ABOUT THIS EXERCISE –
Retype the lines of the listing below exactly, but only those from the one containing "Venkovní psí kotec" through the last line; pictures stay out.

INFORMATION SHOWN –
= Beginning of Section =
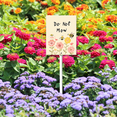 thumbnail image 3 of Do Not Mow Sign with Metal Stake 7 x 8.8 Inches No Mow May Yard Sign No Mow Signs Aluminum ​Garden Signs Outdoor for Lawn Yard Garden Decor, Easy to Install, 3 of 6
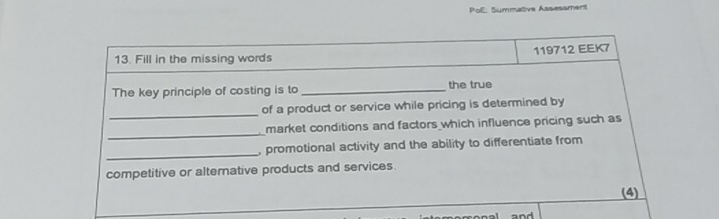 Poll Summative Assessment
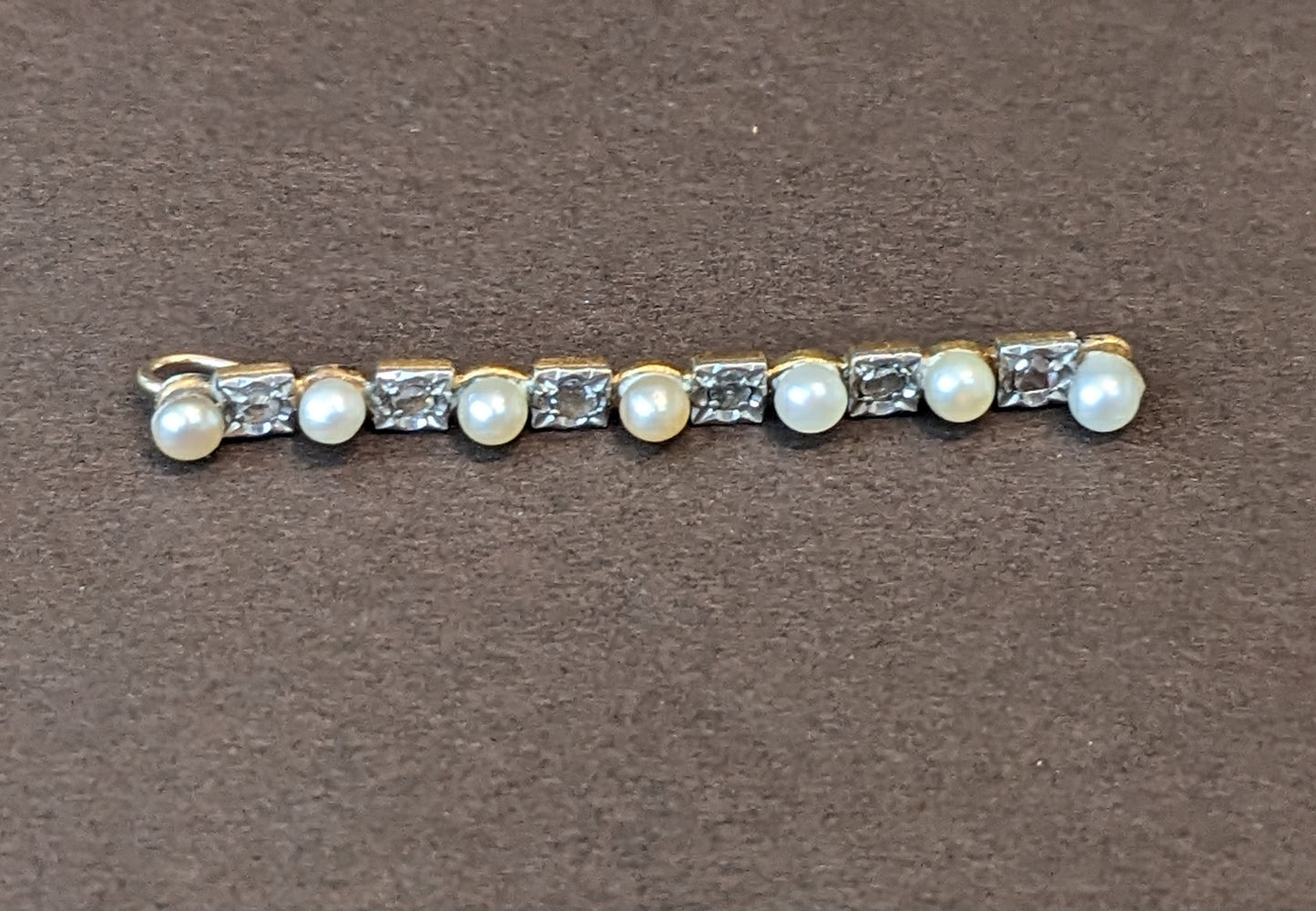 14k Gold, Diamond, and Pearl Pendant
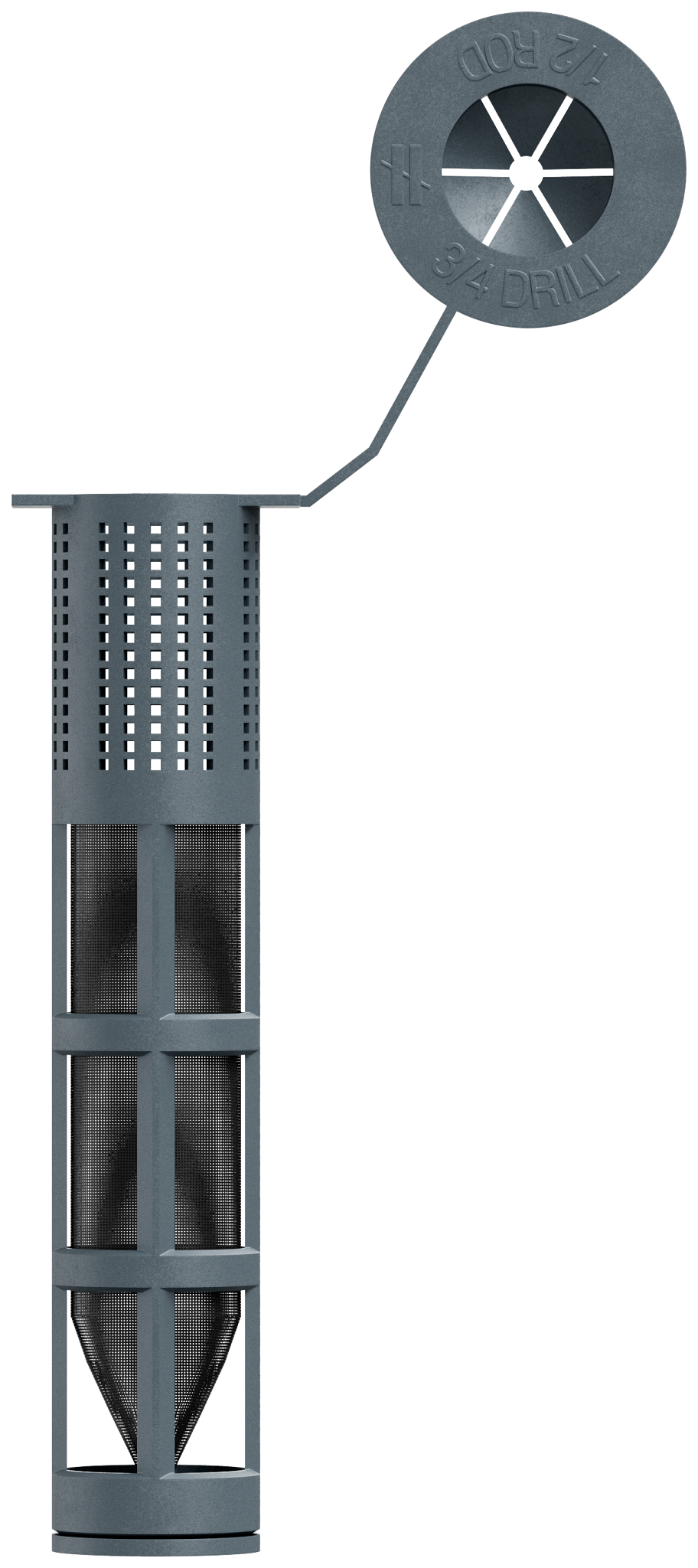 Simpson Strong-Tie 3GWS503P Opti-Mesh 3-1/2 in. Epoxy Adhesive Plastic Screen Tube for 1/2 in. Rod for SET-3G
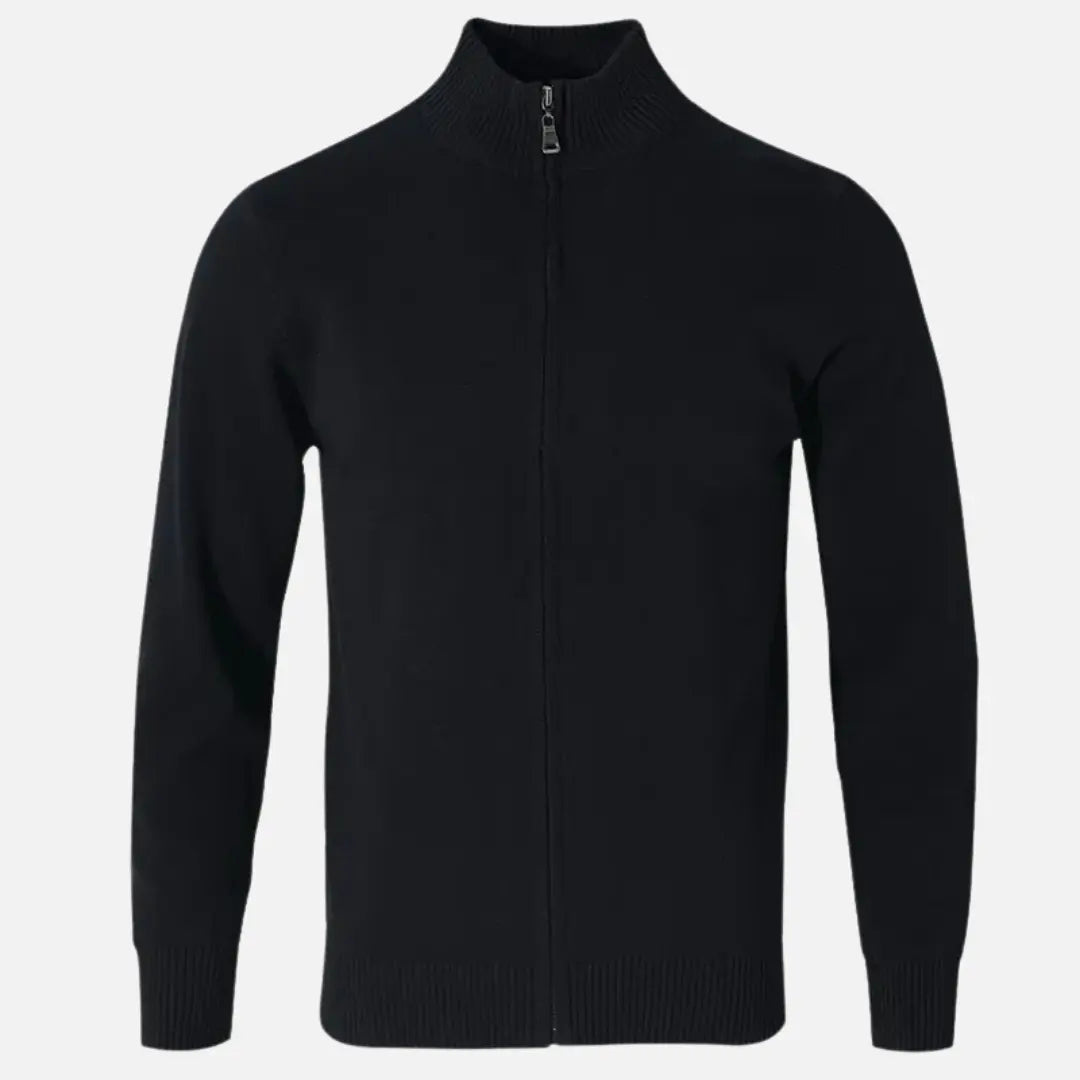 Womens Ribbed Knit Cardigan Blend Full Zip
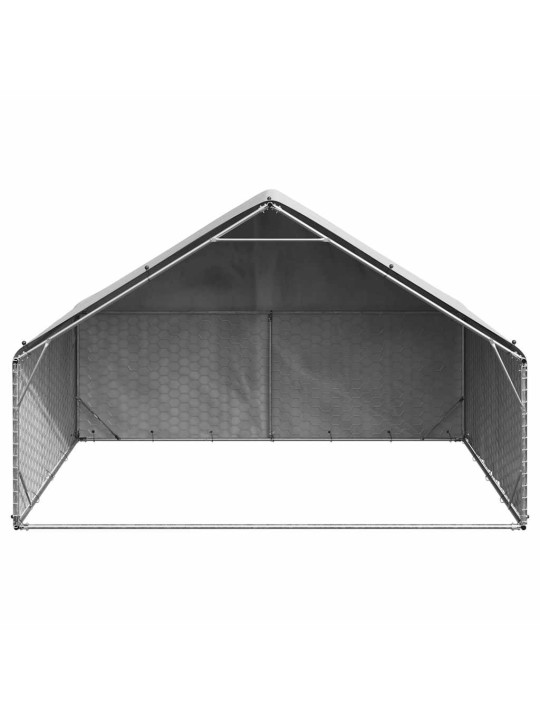 Venkovní psí kotec s krytem 3x2x1,9 m pozinkovaná ocel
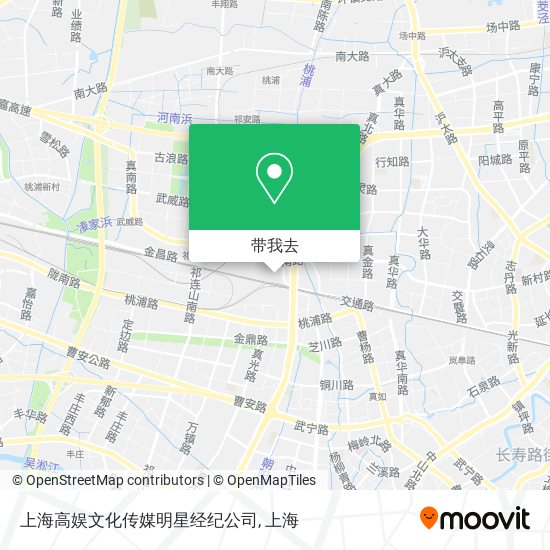 上海高娱文化传媒明星经纪公司地图
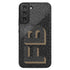3D Initials Dark Leopard Galaxy Case - Vertical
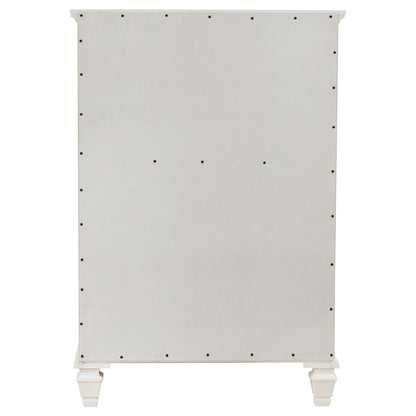 Sandy Beach 5-drawer Bedroom Chest Cream White
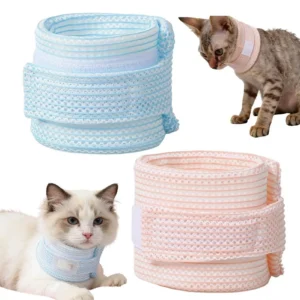 Dog Cat Neck Brace Cover Breathable Comfortable Anti-Scratch Pet Neck Protective Collar Adjustable Soft Cushion Cervical Cone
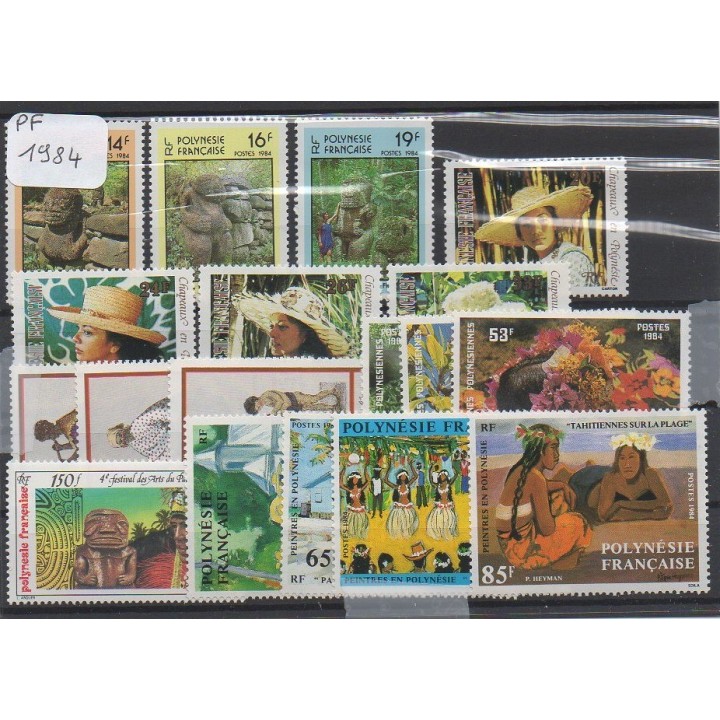 Polynesie Francaise - Annee Complete 1984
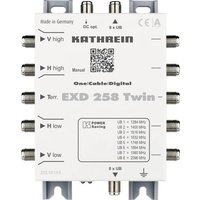 Kathrein EXD 258 Twin SAT Multischalter Kaskade Unicable Eingänge (Multischalter): 5 (4 SAT/1 terre von Kathrein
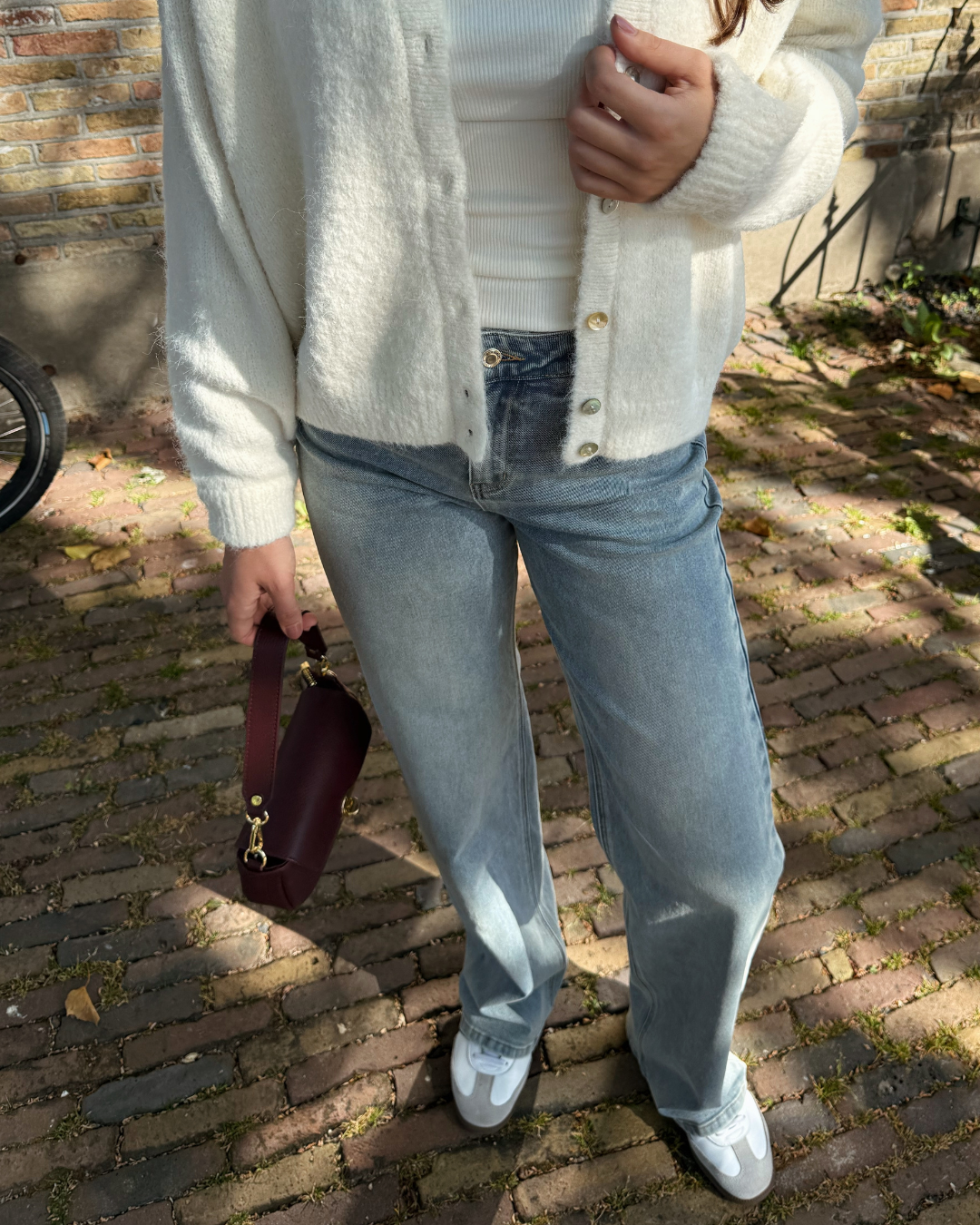 Maddy Wide Leg Jeans | Washed blue | Stretch | Tall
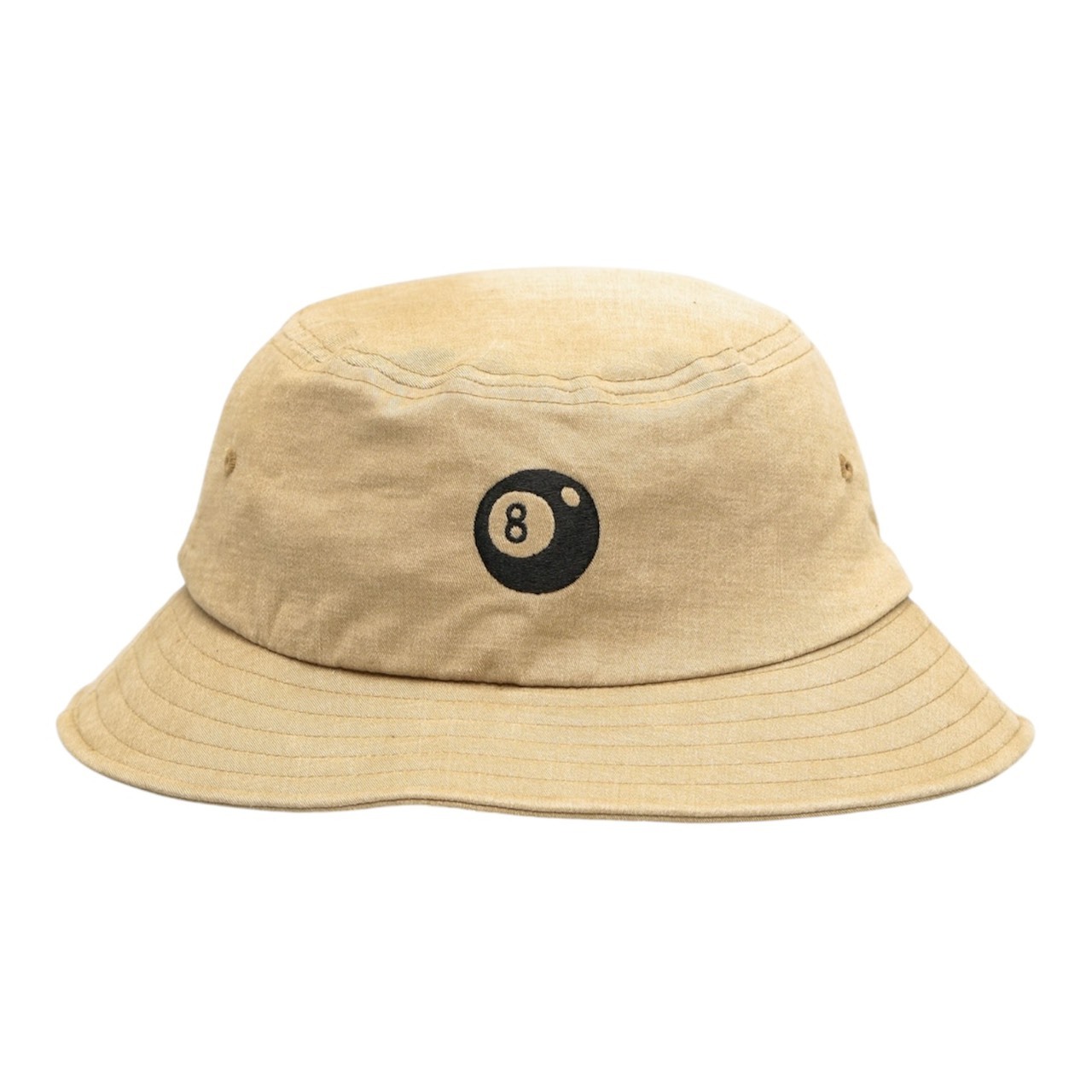 STUSSY 8 Ball Bucket Hat Tan SIZE S/M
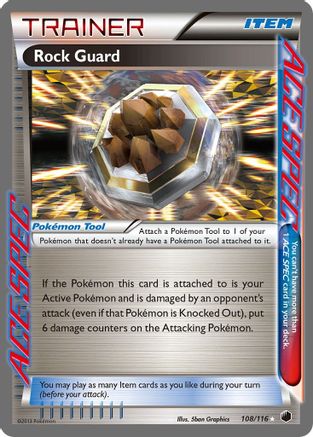 Rock Guard  - Holofoil - Rare Ace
= End of Section =
WRITTEN SOLUTION –
 Venkovní psí kotec s krytem 3x2x1,9 m pozinkovaná ocel
 上海高娱文化传媒明星经纪公司地图
3D Initials Dark Leopard Galaxy Case - Vertical
 Sandy Beach 5-drawer Bedroom Chest Cream White
 Dog Cat Neck Brace Cover Breathable Comfortable Anti-Scratch Pet Neck Protective Collar Adjustable Soft Cushion Cervical Cone
 Polynesie Francaise - Annee Complete 1984
 Kathrein EXD 258 Twin SAT Multischalter Kaskade Unicable Eingänge (Multischalter): 5 (4 SAT/1 terre von Kathrein
 Maddy Wide Leg Jeans | Washed blue | Stretch | Tall
 STUSSY 8 Ball Bucket Hat Tan SIZE S/M
 Rock Guard  - Holofoil - Rare Ace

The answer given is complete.